Speaker
Description
Wide bandgap zirconia attracts considerable attention because of its mechanical, dielectric, thermal and corrosion properties as well as its broad luminescent spectrum. This latter can be tuned by doping with various elements. Doping with yttrium stabilises tetragonal and cubic zirconia structures at room temperature. Simultaneously, zirconia intrinsic luminescence changes because additional oxygen vacancies appear for Y charge compensation. Rare-earth elements introduced in Zr cites demonstrate specific luminescence which is very sensitive to host structure. This feature can be used to recognize the contribution of zirconia polymorphs. Thus, elucidating the interrelation between zirconia structure and intrinsic- and dopant-related luminescence is important. Such a study becomes more attractive when zirconia is codoped with several impurities.

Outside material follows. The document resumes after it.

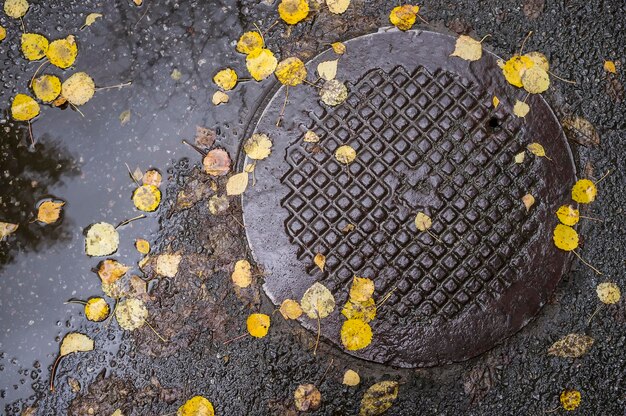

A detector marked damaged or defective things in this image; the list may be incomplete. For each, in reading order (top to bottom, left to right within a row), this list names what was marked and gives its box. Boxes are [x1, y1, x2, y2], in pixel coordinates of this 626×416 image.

In the present work, the structural and light-emitting properties of undoped, Y-doped and (Y, Eu)-co-doped zirconia ceramics sintered at 1100–1600 °C were analyzed using Raman scattering, IR reflection spectroscopy, UV-vis diffuse reflection and XRD methods. Luminescence and luminescence excitation spectra were studied using the DESY synchrotron facilities (PETRA III beamline P66) in the 200-900 nm and 120-330 nm spectral ranges, respectively, at helium and room temperatures. The analysis of exciton-emission maps allowed us to separate the contribution of host-related and dopant-related luminescence, and to get insight on the luminescence excitation mechanism. Based on the complex characterization, the approach for monitoring zirconia lattice transformation using optical methods was proposed.
The authors are thankful to DESY User Office for financial support from the NEPHEWS project funded by the HORIZON-Europe program.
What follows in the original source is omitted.